| Entries shown |
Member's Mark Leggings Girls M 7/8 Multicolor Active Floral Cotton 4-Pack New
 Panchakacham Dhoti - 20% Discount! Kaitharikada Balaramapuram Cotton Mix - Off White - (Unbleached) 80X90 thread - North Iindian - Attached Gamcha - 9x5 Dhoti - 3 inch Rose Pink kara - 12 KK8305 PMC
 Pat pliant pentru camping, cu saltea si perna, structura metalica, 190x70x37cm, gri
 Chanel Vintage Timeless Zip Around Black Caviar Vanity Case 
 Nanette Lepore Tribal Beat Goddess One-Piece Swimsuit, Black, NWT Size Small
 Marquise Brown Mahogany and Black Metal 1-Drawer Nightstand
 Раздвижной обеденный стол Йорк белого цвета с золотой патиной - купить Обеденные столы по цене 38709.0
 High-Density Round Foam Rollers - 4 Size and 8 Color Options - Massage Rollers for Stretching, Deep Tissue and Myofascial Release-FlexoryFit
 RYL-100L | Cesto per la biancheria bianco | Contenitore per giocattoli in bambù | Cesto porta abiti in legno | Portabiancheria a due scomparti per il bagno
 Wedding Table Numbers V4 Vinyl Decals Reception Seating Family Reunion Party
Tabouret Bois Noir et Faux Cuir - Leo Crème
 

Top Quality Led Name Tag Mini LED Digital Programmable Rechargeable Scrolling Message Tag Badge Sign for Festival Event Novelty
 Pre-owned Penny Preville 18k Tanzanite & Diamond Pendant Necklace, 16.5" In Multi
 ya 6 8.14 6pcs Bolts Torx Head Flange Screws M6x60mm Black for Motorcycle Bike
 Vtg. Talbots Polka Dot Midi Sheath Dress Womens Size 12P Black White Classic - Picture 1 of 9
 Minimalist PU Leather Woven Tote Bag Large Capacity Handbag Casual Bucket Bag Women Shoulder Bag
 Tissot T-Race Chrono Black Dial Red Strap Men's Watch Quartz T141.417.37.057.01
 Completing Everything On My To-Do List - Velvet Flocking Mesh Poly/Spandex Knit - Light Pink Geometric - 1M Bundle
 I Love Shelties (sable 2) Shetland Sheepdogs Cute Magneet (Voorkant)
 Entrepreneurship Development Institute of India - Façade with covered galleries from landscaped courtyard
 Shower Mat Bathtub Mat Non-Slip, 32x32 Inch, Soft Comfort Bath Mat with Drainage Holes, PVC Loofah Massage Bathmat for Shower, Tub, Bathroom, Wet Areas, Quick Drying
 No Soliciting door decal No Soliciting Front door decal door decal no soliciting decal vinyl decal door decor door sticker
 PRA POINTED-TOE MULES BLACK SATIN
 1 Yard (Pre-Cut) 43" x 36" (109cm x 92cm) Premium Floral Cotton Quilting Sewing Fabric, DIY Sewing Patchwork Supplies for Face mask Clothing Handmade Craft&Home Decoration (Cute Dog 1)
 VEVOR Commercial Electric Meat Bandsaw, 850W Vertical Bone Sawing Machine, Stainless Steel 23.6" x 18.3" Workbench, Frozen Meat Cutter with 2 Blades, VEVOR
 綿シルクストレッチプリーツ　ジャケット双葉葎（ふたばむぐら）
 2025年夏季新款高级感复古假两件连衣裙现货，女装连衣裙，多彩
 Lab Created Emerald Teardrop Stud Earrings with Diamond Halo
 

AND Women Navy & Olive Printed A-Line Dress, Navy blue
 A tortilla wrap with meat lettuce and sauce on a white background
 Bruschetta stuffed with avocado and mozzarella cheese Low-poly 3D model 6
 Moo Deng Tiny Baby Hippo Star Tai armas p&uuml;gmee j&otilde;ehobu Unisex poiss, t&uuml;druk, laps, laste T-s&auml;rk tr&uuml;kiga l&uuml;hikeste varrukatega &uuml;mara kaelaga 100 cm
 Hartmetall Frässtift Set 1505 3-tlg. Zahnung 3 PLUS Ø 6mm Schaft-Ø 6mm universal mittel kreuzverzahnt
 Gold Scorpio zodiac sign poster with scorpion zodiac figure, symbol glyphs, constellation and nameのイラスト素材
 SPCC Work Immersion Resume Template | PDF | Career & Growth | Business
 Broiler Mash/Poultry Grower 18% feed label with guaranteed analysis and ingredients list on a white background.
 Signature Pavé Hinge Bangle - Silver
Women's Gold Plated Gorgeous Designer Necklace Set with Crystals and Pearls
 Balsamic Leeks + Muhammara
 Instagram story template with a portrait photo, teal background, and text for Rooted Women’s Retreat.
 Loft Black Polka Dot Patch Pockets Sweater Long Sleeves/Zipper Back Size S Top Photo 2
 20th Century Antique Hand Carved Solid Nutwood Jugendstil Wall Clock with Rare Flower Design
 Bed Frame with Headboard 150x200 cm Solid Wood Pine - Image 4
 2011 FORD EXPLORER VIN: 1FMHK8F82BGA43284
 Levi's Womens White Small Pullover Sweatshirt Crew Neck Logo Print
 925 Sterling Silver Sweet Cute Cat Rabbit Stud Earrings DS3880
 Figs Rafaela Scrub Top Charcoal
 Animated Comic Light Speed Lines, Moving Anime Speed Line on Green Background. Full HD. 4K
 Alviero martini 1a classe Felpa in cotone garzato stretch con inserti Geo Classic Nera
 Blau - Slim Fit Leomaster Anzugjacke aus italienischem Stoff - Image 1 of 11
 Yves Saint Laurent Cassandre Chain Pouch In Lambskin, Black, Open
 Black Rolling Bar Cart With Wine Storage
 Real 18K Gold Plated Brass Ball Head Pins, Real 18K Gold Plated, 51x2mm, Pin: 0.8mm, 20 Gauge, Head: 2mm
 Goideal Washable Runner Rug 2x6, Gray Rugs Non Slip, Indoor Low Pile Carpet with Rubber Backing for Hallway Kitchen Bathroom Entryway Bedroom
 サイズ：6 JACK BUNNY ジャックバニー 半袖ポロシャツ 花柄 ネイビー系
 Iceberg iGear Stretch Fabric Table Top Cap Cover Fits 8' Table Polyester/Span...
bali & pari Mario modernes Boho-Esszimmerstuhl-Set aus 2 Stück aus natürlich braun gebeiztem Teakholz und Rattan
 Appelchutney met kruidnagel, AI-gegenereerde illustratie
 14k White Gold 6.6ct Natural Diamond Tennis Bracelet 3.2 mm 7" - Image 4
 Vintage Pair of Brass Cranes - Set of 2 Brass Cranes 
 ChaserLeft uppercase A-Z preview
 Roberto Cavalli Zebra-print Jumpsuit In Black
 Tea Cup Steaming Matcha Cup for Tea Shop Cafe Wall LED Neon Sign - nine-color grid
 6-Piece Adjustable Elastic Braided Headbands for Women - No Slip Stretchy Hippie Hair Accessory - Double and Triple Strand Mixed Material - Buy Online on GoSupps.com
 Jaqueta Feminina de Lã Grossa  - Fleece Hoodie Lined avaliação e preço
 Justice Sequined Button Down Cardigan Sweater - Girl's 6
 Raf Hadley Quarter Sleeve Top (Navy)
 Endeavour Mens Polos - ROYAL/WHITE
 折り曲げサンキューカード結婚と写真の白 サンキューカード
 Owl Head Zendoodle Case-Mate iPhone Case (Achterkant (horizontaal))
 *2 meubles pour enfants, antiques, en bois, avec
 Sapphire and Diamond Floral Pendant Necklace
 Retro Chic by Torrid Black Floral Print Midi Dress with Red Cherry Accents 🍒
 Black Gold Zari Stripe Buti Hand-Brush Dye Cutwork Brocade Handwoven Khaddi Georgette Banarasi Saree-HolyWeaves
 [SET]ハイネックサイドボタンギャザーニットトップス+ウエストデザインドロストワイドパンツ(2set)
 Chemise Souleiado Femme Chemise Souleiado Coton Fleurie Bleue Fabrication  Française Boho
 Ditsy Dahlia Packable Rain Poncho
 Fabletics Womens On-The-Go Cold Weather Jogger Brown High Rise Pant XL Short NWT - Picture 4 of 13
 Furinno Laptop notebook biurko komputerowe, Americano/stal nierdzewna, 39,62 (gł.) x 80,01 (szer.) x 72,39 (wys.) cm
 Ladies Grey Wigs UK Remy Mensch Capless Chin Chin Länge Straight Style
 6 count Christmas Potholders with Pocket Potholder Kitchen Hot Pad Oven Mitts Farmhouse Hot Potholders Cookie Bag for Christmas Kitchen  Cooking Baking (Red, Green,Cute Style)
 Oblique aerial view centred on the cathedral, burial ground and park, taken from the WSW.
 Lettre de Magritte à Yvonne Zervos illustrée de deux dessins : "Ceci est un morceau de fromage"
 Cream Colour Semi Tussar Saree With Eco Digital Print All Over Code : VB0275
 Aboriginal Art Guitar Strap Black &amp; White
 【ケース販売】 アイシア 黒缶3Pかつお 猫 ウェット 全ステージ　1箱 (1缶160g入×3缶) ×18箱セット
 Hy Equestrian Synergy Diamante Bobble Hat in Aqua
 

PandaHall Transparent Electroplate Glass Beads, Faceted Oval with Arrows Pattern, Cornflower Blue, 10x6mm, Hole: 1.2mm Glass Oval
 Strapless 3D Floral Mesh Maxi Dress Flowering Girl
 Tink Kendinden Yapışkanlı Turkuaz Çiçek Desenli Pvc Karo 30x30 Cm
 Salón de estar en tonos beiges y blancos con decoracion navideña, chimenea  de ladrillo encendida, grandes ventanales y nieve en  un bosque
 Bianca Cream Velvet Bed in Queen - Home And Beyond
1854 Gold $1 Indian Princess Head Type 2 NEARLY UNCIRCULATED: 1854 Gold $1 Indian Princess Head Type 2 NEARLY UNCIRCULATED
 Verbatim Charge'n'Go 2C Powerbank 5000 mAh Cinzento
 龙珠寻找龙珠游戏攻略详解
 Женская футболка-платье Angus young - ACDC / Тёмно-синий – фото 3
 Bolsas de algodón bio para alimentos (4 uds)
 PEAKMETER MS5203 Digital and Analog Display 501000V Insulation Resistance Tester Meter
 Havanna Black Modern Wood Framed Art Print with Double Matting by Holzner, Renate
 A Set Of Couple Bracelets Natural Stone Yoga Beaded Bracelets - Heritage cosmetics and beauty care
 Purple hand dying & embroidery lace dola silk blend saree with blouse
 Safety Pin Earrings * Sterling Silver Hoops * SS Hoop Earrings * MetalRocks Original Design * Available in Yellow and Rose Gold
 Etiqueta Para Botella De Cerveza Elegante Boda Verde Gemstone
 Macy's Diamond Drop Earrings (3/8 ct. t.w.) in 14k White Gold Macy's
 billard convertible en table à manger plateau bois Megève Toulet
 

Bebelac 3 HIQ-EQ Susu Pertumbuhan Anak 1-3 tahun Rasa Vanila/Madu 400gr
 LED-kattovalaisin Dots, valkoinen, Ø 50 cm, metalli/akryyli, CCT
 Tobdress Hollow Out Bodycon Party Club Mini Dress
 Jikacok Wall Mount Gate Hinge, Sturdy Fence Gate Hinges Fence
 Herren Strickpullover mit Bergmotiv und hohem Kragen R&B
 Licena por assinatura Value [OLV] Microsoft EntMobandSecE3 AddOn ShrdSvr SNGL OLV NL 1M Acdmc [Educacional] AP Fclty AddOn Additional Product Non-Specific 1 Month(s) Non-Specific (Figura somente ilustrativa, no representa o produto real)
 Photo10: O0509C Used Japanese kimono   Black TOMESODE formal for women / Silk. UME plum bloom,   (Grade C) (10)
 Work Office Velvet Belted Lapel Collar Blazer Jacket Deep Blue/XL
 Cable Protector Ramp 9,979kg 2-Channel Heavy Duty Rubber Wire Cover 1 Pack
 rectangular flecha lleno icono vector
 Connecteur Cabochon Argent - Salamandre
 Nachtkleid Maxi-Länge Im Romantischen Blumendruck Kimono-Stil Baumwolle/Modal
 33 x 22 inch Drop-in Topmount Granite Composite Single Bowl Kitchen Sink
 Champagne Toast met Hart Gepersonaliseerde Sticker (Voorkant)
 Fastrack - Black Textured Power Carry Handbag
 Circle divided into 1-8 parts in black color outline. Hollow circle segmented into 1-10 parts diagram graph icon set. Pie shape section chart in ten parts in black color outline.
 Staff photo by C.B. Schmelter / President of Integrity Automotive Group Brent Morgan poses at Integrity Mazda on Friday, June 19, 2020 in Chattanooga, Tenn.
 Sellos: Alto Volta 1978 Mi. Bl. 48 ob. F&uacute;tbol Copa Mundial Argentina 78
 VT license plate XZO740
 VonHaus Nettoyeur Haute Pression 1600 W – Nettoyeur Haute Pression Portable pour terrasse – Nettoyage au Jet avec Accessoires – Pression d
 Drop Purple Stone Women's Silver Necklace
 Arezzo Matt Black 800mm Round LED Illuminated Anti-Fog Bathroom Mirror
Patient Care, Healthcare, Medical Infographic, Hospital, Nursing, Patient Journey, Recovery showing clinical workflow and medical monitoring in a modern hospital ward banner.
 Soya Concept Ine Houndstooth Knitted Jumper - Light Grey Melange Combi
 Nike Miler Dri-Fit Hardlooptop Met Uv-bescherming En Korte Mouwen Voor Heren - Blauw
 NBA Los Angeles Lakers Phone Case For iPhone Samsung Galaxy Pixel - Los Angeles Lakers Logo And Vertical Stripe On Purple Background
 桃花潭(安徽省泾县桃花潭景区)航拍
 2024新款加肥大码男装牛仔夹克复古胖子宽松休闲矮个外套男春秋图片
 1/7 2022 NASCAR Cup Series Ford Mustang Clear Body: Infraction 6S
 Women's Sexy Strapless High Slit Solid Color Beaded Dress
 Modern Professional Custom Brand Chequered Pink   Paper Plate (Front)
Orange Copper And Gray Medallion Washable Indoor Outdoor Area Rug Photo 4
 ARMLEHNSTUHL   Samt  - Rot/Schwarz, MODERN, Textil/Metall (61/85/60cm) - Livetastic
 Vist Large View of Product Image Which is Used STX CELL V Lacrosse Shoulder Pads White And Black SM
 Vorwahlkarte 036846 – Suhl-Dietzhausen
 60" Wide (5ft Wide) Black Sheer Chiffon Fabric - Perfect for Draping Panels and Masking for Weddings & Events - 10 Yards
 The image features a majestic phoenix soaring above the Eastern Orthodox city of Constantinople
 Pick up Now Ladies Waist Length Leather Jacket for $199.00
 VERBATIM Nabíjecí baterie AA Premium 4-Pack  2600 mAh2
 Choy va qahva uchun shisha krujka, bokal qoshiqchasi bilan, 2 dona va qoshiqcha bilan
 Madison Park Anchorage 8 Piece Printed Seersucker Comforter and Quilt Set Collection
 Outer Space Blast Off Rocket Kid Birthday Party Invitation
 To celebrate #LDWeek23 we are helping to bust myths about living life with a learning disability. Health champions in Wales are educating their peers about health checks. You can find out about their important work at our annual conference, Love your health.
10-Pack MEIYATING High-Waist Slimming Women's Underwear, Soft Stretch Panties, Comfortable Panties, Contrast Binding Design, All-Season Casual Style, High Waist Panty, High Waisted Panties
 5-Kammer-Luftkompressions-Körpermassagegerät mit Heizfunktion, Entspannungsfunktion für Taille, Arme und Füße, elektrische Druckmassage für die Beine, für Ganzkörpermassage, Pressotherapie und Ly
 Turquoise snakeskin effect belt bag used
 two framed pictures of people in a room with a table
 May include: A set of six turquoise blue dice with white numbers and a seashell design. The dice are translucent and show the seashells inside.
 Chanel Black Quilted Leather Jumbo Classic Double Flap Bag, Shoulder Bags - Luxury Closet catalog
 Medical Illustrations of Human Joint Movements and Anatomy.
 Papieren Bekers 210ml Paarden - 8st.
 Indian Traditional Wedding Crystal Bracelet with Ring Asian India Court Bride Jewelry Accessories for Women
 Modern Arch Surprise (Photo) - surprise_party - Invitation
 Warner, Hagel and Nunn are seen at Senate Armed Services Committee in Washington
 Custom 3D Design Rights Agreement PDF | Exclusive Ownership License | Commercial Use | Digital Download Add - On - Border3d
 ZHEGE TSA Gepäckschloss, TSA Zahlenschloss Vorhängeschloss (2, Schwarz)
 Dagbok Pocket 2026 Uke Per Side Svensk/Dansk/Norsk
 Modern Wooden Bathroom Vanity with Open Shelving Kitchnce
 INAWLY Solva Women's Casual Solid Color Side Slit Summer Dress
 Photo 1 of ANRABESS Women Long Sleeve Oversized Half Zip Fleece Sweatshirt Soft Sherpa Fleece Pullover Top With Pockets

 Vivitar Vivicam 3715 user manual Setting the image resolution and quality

| Exercise details |
Scan the listing above for the word "Sterling" and show each line where it is found.

| Result for this task |
 925 Sterling Silver Sweet Cute Cat Rabbit Stud Earrings DS3880
 Safety Pin Earrings * Sterling Silver Hoops * SS Hoop Earrings * MetalRocks Original Design * Available in Yellow and Rose Gold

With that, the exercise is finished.